[Caption-style text data]
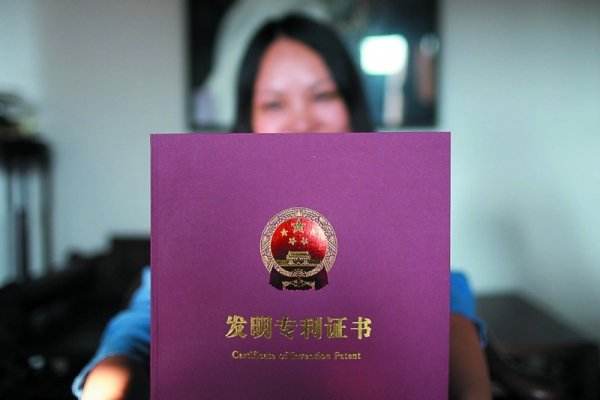我国发明专利申请量连续七年位居世界第一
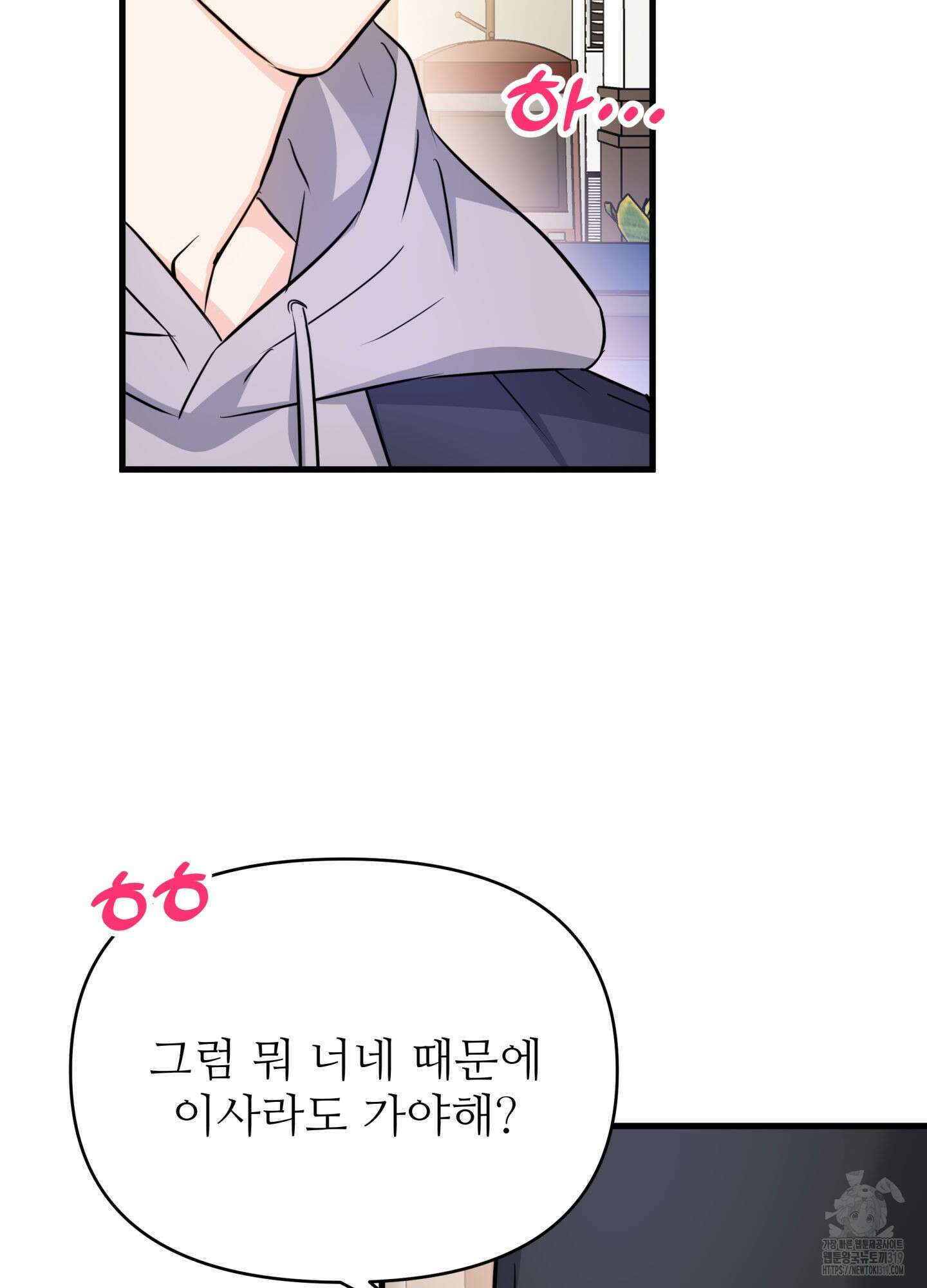 3과 2분의 1 11화 3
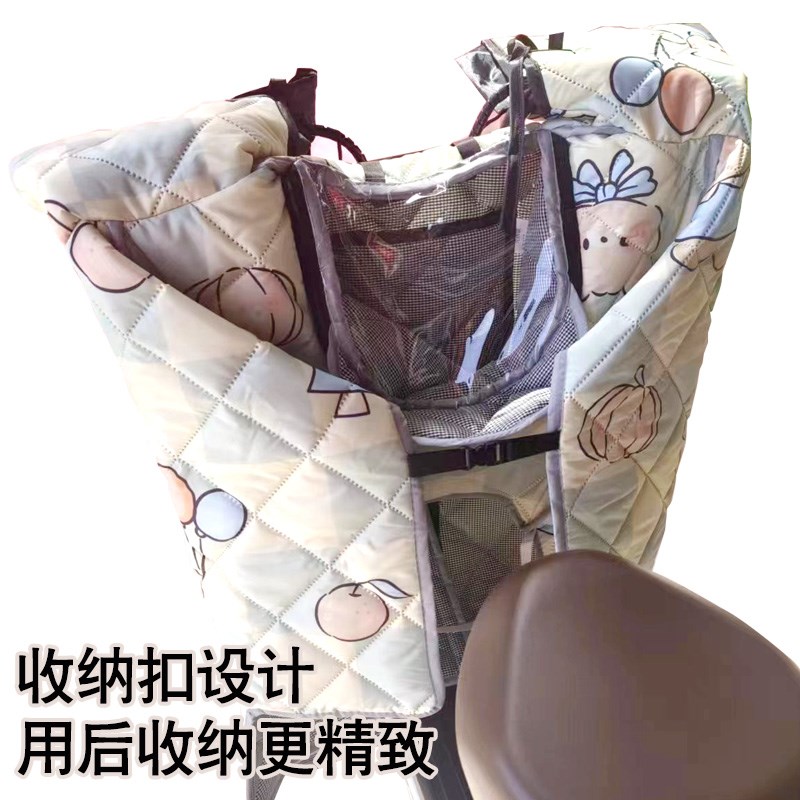 电动车挡风被四季通用中厚亲子款春秋防风罩电瓶车防水防晒挡风夏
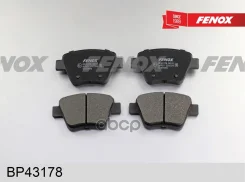 ������� ��������� �������� 109.3*53.4*16.5 ������ Audi A1 10-18 A3 03-12 Skoda Octavia II 04-13 Fenox ���. bp43178 BP43178 ����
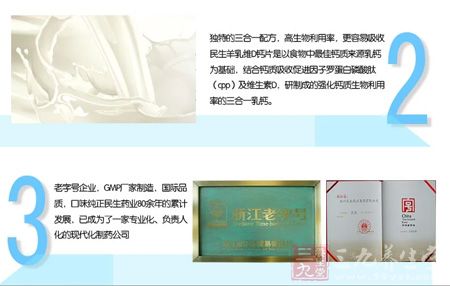 独特的三合一配方,高生物利用率 独特的三合一配方,高生物利用率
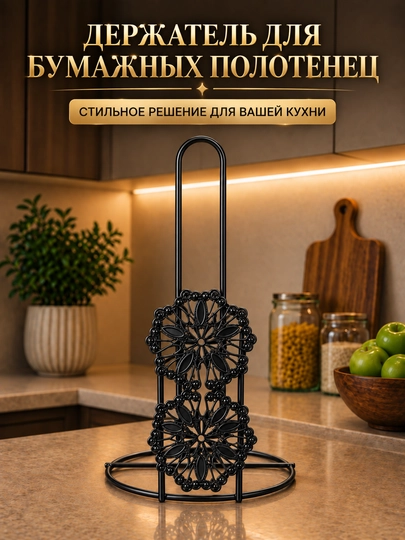 Qog‘oz sochiqlar uchun ushlagich, sochiq tagligi, oshxona aksessuari - 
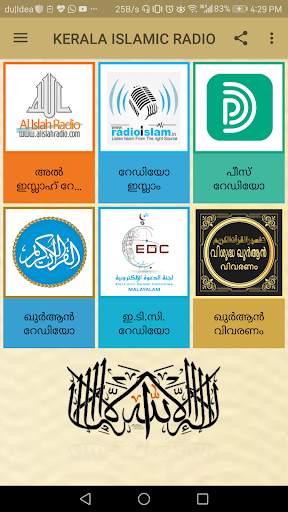 Kerala islahi radio screenshot 2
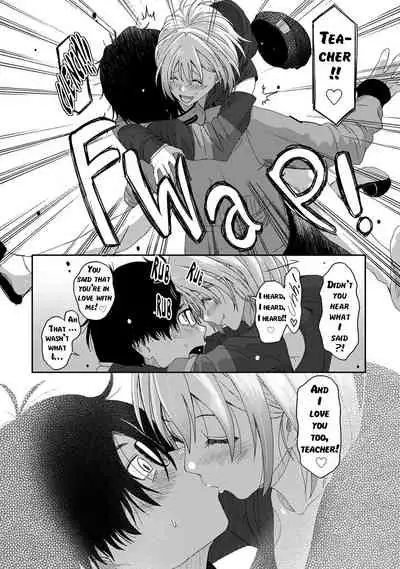 Itaiamai - Chapter 1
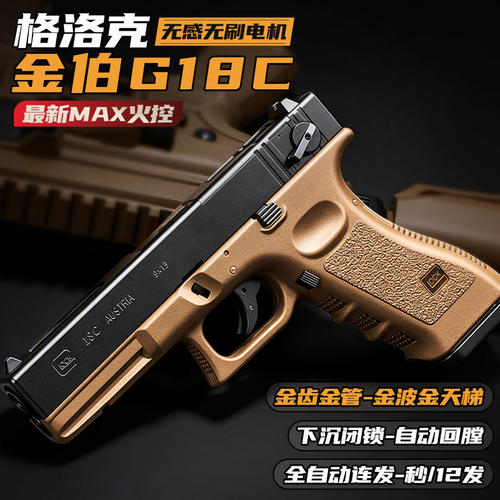 金伯G18C无刷电手发射器金箔g18电手wargame模型金伯g34tti玩具枪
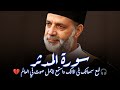 سورة المدثر لفضيلة الشيخ حسن صالح سورة المدثر لفضيلة الشيخ حسن صالح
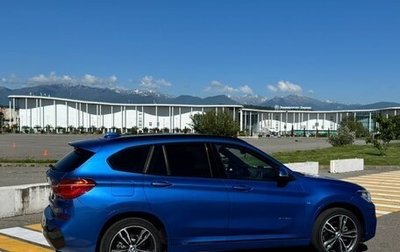 BMW X1, 2017 год, 2 450 000 рублей, 1 фотография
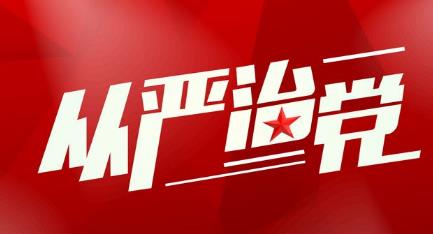 统帅与士兵心连心(砥砺奋进的五年)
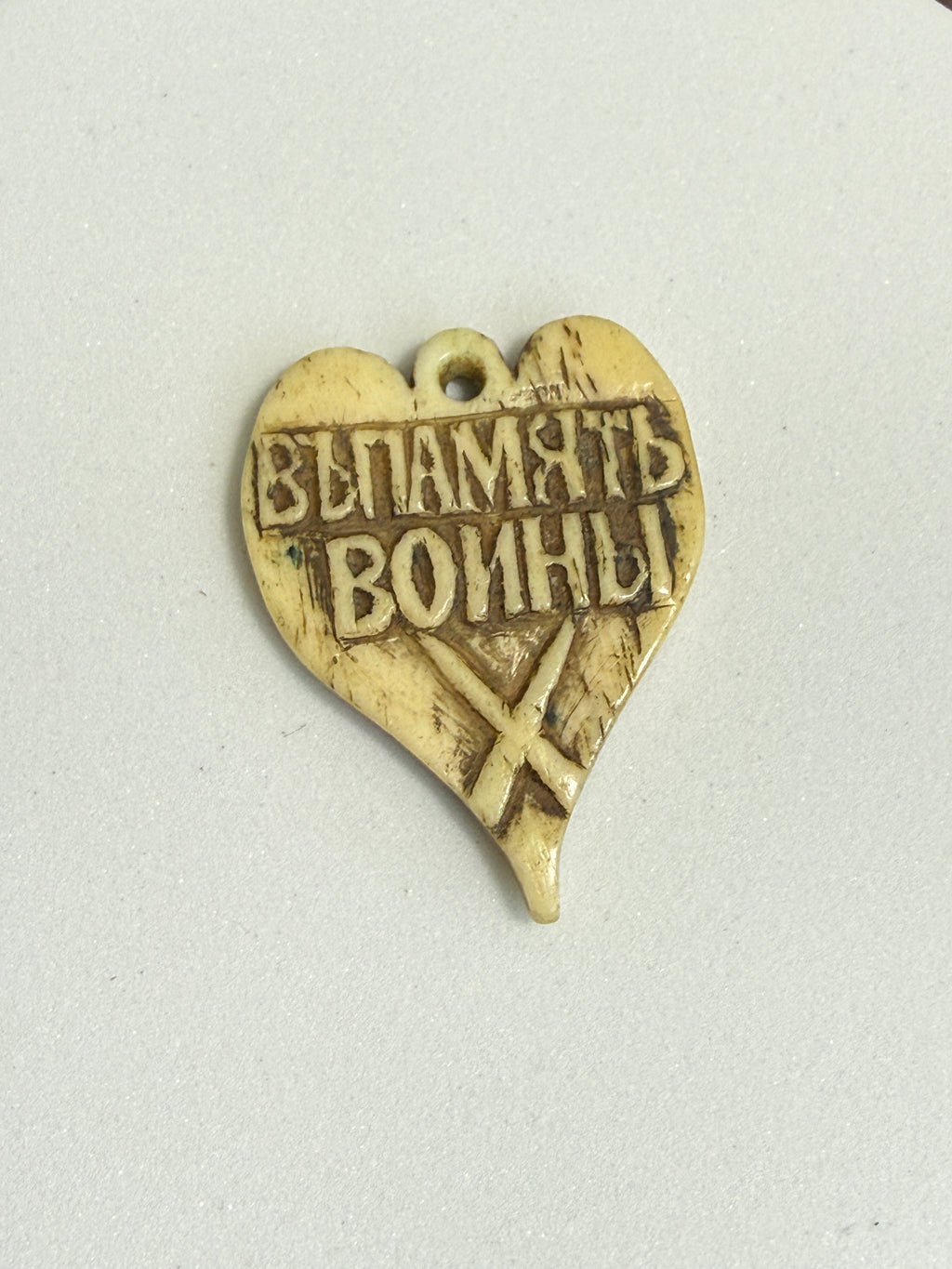 WWI Carved Bone Heart Pendant | Trench Art |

TO DO: Repeat word for word the lines above, from the first entry through the line containing "独特的三合一配方,高生物利用率 独特的三合一配方,高生物利用率", with both ends kept and the pictures dropped.

FINISHED TASK:
我国发明专利申请量连续七年位居世界第一
 3과 2분의 1 11화 3
 电动车挡风被四季通用中厚亲子款春秋防风罩电瓶车防水防晒挡风夏
 ������� ��������� �������� 109.3*53.4*16.5 ������ Audi A1 10-18 A3 03-12 Skoda Octavia II 04-13 Fenox ���. bp43178 BP43178 ����
 独特的三合一配方,高生物利用率 独特的三合一配方,高生物利用率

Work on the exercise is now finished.